Format of LMs

> Hi,
> In recent days I am doing some evaluation on some SRI training tools.
> I met problems when I tried to use skipping LMs and factored LMs.
> What is the format of these models?
> As for skipping LMs, what is the meaning of the last part at the end 
> of the LM file?
> \end\ ## the end of a normal LM file
> -pau- 0.5
> </s> 0.5
> <s> 0
> <unk> 0.0041594 (how to apply these coef. to some beam-search engine?)
I cannot answer the last question, but the numbers in the word list 
following \end\ represent the probabilities with which a word in the 
history is "skipped". So if the skip probability of a word x is p and x 
occurs in a history before a word w,
the probability of w is estimated as (1-p) times the regular ngram 
probability + p times the ngram probability with x removed from the history.
> As for the factored LMs, I trained a bigram, and got a result that
> there seemed to be no backing-off coef. in the unigram section.
> And what is the meaning of the coefficients right after the 2-gram probs?
> ...
> \0x0-grams:
> -1.071043 </s>
> -1.281587 <unk> (where is the backing-off coef.? )
> ...
> \0x1-grams:
> -2.178066 86AA B2BB -0.7455529(what is the meaning of these coef.?)

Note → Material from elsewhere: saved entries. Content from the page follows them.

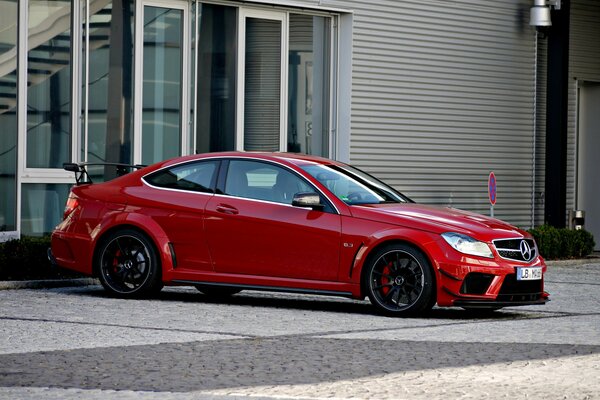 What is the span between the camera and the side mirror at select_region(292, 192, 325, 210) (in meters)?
13.0

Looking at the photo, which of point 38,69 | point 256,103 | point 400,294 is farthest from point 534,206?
point 400,294

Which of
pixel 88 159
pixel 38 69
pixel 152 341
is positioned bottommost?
pixel 152 341

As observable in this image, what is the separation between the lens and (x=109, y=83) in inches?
744

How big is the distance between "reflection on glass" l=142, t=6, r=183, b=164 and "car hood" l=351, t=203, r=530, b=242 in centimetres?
698

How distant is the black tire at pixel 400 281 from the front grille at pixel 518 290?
27.2 inches

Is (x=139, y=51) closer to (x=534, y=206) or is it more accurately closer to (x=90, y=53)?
(x=90, y=53)

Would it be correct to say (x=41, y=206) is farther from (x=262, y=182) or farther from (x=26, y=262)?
(x=262, y=182)

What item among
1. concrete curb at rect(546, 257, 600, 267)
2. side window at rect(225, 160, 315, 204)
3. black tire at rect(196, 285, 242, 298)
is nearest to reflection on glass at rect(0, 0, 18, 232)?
black tire at rect(196, 285, 242, 298)

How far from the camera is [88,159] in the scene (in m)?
18.6

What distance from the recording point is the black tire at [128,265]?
13.6 meters

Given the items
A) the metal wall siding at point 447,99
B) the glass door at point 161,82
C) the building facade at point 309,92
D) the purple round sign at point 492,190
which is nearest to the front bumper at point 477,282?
the building facade at point 309,92

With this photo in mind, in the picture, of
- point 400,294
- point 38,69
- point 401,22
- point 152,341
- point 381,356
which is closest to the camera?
point 381,356

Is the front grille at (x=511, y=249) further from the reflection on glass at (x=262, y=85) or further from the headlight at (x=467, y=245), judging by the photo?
the reflection on glass at (x=262, y=85)

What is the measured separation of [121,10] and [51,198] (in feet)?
9.39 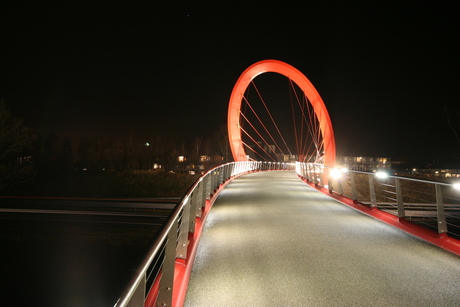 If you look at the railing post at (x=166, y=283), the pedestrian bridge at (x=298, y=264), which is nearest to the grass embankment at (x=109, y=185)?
the pedestrian bridge at (x=298, y=264)

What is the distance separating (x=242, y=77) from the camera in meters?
32.8

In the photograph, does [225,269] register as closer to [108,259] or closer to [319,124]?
[108,259]

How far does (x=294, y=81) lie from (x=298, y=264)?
29.3 m

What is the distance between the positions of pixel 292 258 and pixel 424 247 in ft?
7.24

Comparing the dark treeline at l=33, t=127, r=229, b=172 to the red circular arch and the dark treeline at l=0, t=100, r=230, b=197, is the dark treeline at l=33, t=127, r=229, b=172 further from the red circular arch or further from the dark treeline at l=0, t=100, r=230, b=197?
the red circular arch

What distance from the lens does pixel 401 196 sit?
691cm

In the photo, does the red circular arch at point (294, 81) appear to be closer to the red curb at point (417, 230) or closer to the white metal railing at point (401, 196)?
the white metal railing at point (401, 196)

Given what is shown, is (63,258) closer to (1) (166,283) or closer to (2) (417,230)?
(2) (417,230)

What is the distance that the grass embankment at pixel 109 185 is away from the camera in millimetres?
50812

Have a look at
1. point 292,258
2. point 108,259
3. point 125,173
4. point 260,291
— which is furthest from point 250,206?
point 125,173

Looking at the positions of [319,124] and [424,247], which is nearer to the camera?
[424,247]

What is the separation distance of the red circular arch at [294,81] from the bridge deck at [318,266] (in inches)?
926

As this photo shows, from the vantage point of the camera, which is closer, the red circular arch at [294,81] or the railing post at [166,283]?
the railing post at [166,283]

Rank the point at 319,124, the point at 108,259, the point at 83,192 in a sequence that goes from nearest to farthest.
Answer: the point at 108,259 → the point at 319,124 → the point at 83,192
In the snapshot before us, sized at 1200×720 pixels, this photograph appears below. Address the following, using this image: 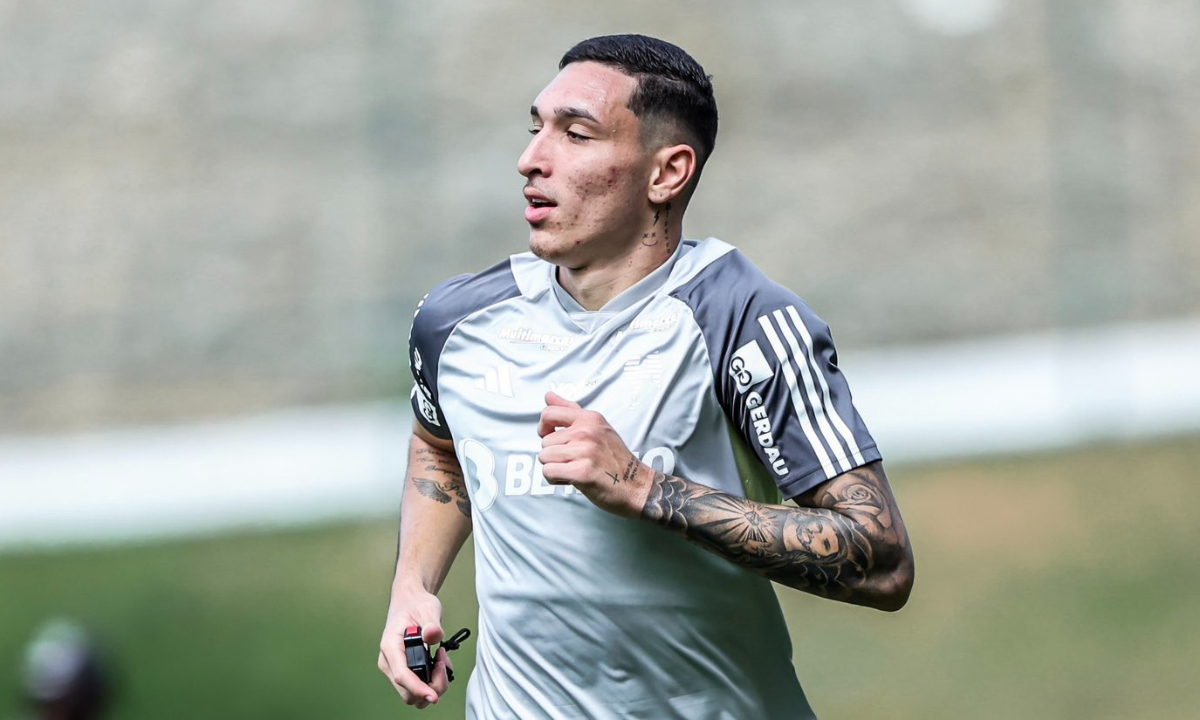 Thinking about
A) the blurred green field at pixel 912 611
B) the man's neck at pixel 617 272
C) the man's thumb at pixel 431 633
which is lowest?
the blurred green field at pixel 912 611

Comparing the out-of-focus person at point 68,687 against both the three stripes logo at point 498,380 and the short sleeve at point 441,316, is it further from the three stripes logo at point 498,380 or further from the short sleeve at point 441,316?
the three stripes logo at point 498,380

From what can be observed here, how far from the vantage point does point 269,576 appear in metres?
10.9

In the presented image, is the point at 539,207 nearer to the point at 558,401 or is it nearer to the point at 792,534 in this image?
the point at 558,401

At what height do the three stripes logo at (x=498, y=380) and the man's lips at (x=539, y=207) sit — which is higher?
the man's lips at (x=539, y=207)

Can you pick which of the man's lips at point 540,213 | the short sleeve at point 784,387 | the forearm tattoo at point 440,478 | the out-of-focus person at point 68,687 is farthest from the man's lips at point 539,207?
the out-of-focus person at point 68,687

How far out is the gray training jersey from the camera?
10.7 feet

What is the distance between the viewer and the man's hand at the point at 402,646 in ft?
10.9

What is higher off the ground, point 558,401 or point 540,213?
point 540,213

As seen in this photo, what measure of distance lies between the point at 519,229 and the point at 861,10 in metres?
3.47

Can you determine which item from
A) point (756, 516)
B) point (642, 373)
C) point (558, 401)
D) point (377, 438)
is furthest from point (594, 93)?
point (377, 438)

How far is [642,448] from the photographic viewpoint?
10.8 ft

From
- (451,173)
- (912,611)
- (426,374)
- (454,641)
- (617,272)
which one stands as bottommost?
(912,611)

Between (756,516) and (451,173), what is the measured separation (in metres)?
10.1

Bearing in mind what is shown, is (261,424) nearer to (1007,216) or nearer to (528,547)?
(1007,216) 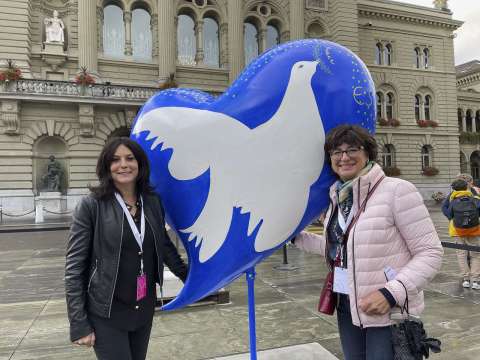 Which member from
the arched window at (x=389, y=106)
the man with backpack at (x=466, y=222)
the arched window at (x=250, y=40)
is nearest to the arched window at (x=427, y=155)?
the arched window at (x=389, y=106)

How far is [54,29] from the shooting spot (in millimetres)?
22734

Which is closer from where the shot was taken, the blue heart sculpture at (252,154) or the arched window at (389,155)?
the blue heart sculpture at (252,154)

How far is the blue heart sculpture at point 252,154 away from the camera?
7.33 feet

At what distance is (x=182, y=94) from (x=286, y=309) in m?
3.83

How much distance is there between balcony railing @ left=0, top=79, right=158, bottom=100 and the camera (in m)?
20.7

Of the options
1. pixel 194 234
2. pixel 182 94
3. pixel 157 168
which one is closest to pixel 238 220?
pixel 194 234

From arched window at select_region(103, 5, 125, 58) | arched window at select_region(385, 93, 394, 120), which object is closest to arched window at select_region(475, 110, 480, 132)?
arched window at select_region(385, 93, 394, 120)

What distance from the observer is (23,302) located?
6.01 metres

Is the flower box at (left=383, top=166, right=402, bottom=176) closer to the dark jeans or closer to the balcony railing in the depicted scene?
the balcony railing

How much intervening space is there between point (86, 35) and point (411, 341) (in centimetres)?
2473

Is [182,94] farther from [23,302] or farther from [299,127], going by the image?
[23,302]

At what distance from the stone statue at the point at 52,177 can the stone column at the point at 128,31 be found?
818 centimetres

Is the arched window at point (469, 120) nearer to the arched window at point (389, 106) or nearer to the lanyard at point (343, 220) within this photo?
the arched window at point (389, 106)

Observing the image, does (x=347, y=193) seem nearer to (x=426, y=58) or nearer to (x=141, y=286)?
(x=141, y=286) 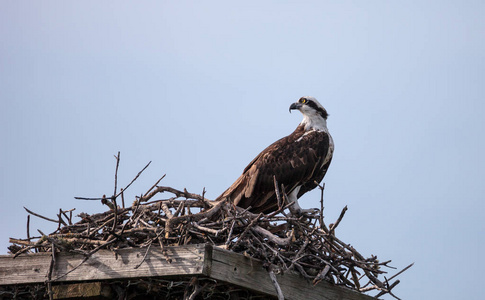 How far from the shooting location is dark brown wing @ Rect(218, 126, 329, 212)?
24.8 ft

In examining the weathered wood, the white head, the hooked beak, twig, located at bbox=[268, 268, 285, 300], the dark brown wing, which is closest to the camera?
twig, located at bbox=[268, 268, 285, 300]

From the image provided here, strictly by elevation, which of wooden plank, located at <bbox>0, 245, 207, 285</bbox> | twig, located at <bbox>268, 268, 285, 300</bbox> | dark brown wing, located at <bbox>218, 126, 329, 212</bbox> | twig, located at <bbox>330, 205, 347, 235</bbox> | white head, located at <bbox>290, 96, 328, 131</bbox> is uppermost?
white head, located at <bbox>290, 96, 328, 131</bbox>

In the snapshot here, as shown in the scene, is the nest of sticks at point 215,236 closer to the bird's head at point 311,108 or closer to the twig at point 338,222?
the twig at point 338,222

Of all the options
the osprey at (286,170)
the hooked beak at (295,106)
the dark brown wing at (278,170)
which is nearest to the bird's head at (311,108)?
the hooked beak at (295,106)

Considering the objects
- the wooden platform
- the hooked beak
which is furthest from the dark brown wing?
the wooden platform

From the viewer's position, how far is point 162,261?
4680mm

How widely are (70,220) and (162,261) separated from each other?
136 cm

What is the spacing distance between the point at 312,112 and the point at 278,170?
4.64 feet

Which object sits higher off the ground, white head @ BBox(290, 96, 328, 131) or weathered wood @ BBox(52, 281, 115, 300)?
white head @ BBox(290, 96, 328, 131)

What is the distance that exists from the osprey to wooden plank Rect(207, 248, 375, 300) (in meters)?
1.69

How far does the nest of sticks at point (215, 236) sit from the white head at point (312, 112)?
9.91 feet

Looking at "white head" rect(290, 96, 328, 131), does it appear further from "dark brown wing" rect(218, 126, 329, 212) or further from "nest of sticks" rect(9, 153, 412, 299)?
"nest of sticks" rect(9, 153, 412, 299)

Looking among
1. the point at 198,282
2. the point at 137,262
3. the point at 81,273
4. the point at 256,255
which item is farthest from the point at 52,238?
the point at 256,255

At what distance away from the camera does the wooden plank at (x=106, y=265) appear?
15.0ft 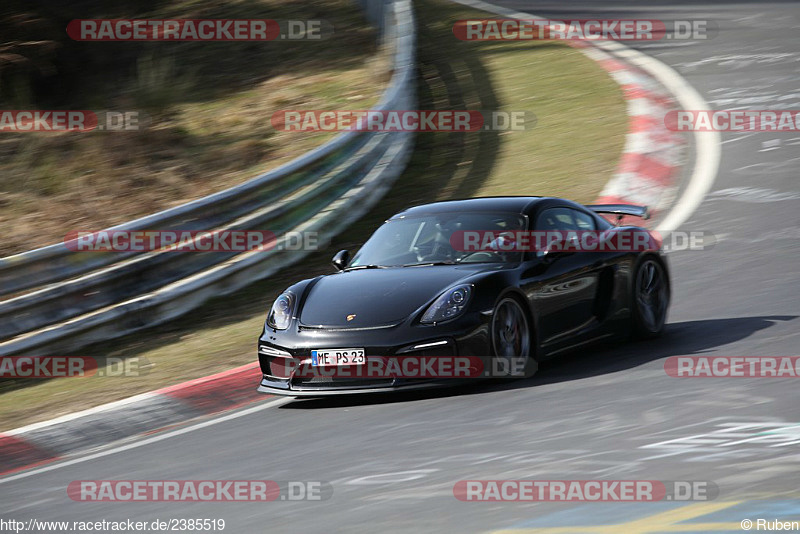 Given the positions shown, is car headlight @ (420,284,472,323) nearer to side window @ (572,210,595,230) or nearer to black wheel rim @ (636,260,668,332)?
side window @ (572,210,595,230)

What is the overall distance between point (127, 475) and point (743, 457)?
3.24 metres

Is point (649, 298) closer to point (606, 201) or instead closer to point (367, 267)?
point (367, 267)

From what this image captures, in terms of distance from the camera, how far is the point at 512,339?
26.5ft

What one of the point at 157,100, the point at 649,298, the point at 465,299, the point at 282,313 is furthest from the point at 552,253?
the point at 157,100

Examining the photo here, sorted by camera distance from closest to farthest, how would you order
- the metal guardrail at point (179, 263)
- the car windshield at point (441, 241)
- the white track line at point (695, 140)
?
the car windshield at point (441, 241) → the metal guardrail at point (179, 263) → the white track line at point (695, 140)

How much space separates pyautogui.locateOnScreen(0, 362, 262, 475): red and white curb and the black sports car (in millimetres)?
558

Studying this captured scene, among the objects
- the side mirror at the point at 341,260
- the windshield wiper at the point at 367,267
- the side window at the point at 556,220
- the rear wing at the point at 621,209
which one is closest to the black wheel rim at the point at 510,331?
the side window at the point at 556,220

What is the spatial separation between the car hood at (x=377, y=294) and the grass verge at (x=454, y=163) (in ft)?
4.60

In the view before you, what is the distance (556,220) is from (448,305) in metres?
1.63

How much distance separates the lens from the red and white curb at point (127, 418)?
782 cm

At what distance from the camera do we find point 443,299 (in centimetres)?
781

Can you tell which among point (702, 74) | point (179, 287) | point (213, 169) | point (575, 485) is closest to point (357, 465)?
point (575, 485)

> -0.9450388 86AA B6BA_BAC5
> -1.72854 86AA CBF4
> -1.281777 86AA CECA_BAC5
> -6.393295 <s> </s> -0.9474632
> Anyone can show me some helpful reference? Thanks a lot.
The best documentation of FLMs can be found at, but I 
don't see an explanation of the modified backoff model file format 
there. It is probably best to either read the code, or contact 
bilmes at, who wrote most of the code.